Top of Working data
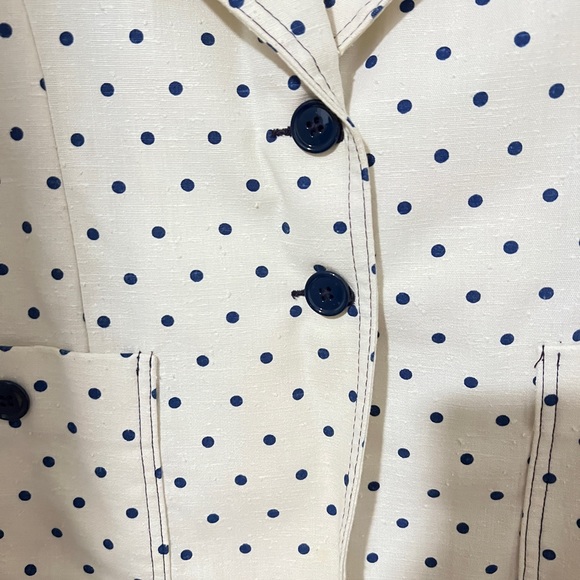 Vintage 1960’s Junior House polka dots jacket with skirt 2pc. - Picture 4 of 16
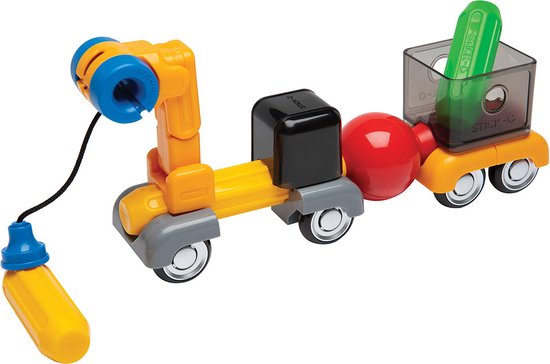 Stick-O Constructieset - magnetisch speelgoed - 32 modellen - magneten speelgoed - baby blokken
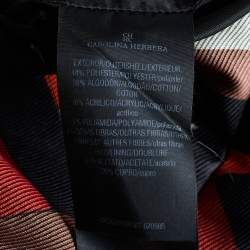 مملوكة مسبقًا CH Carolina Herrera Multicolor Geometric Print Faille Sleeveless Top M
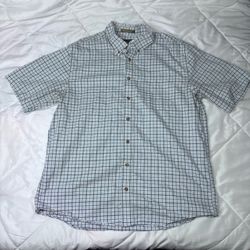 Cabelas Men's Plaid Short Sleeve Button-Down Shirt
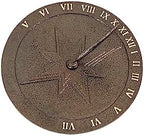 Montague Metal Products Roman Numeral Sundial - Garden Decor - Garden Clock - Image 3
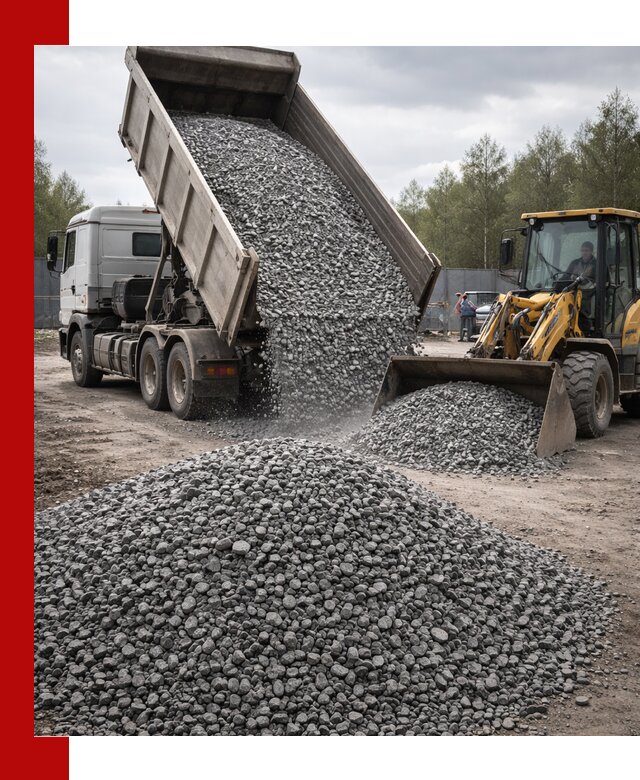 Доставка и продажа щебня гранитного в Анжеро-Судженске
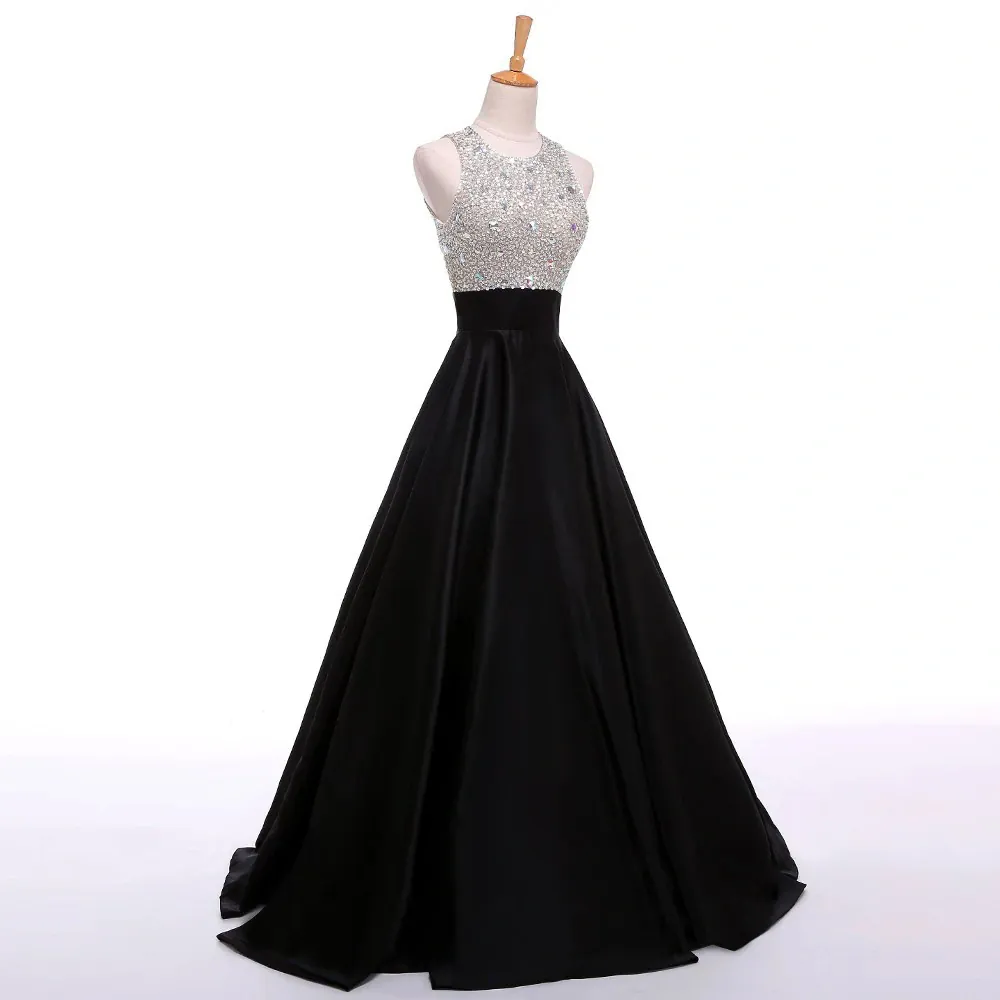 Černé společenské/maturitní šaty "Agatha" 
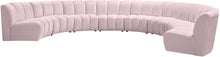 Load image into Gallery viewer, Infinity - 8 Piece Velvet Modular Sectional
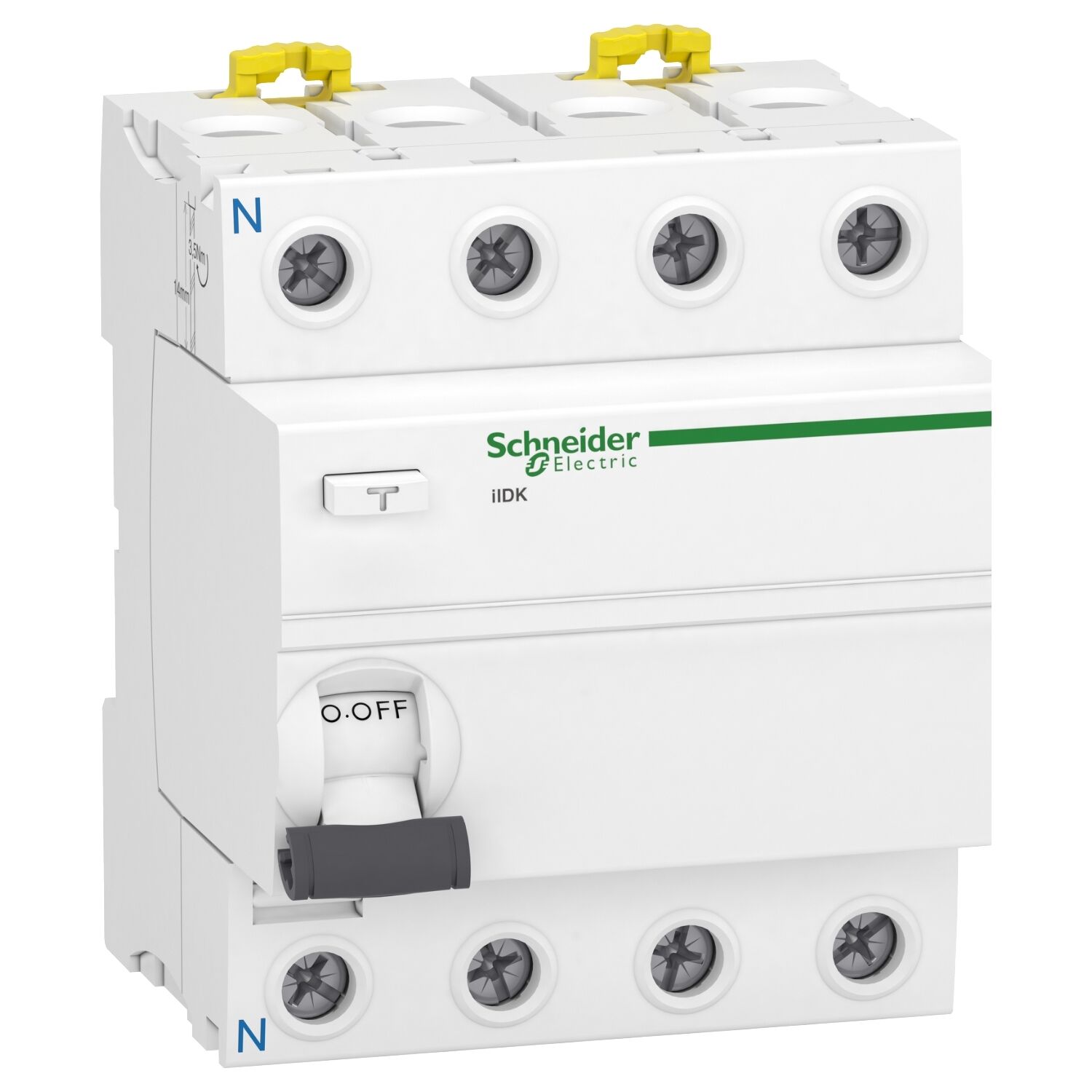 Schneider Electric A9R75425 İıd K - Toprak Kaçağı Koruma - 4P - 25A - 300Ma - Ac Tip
Bottom of Working data
Top of Working data
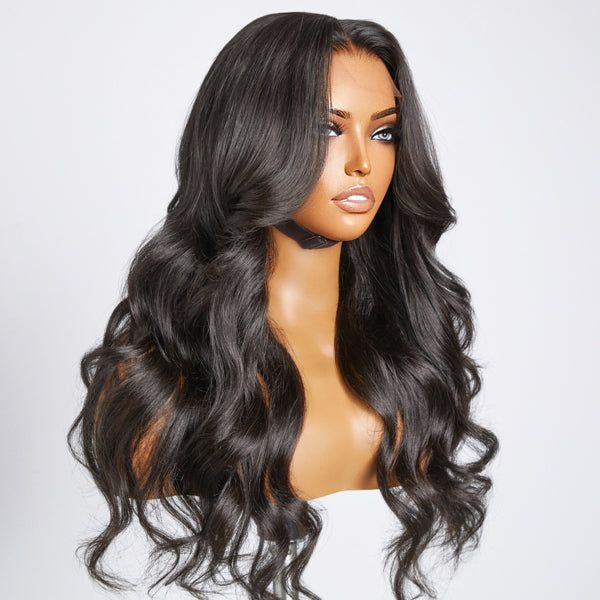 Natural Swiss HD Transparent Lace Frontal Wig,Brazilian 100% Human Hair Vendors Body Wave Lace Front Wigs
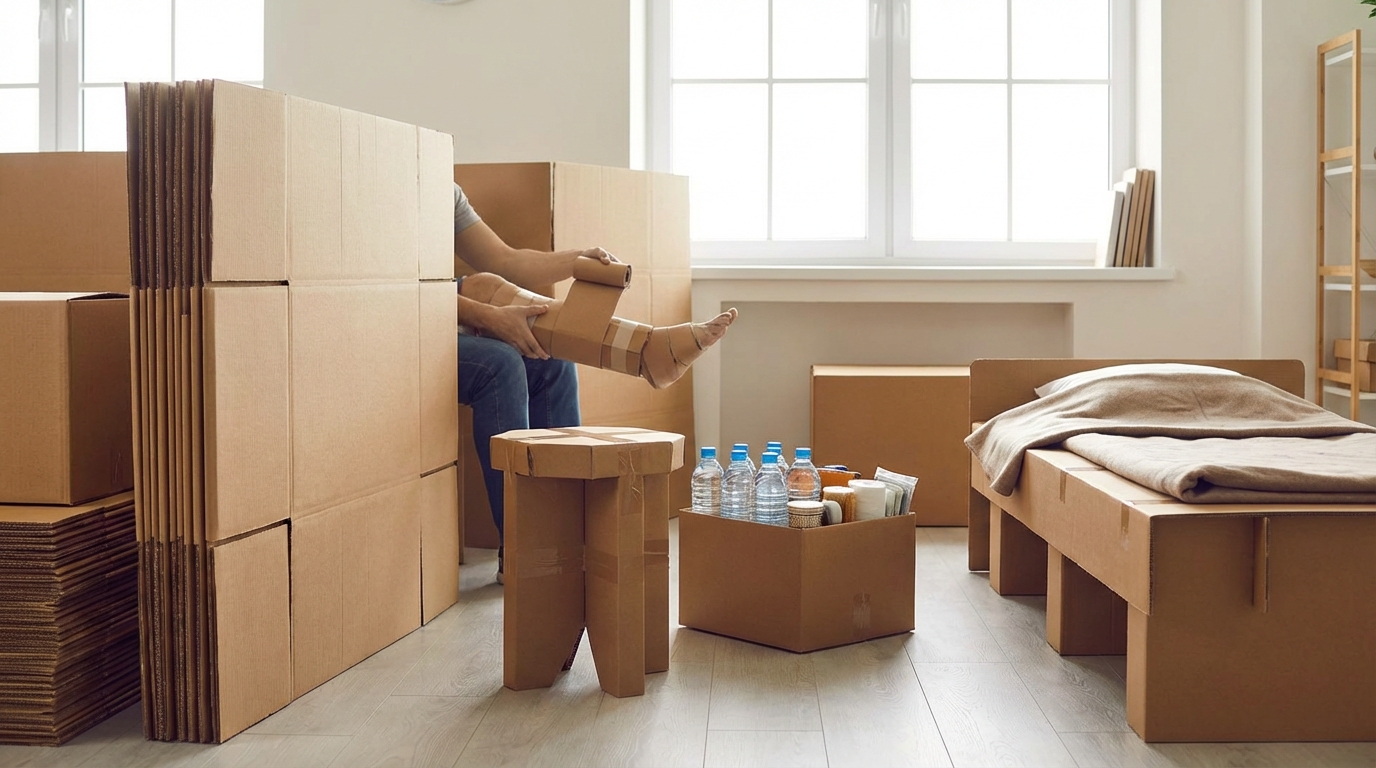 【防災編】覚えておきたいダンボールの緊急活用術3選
Bottom of Working data
What is being asked: Everything above from the line containing "Montague Metal Products" down to the line containing "Schneider Electric A9R75425" is to be duplicated exactly, both lines included, and the pictures are to be omitted.

Exercise result:
 Montague Metal Products Roman Numeral Sundial - Garden Decor - Garden Clock - Image 3
 Доставка и продажа щебня гранитного в Анжеро-Судженске
 Černé společenské/maturitní šaty "Agatha" 
 Load image into Gallery viewer, Infinity - 8 Piece Velvet Modular Sectional
 Schneider Electric A9R75425 İıd K - Toprak Kaçağı Koruma - 4P - 25A - 300Ma - Ac Tip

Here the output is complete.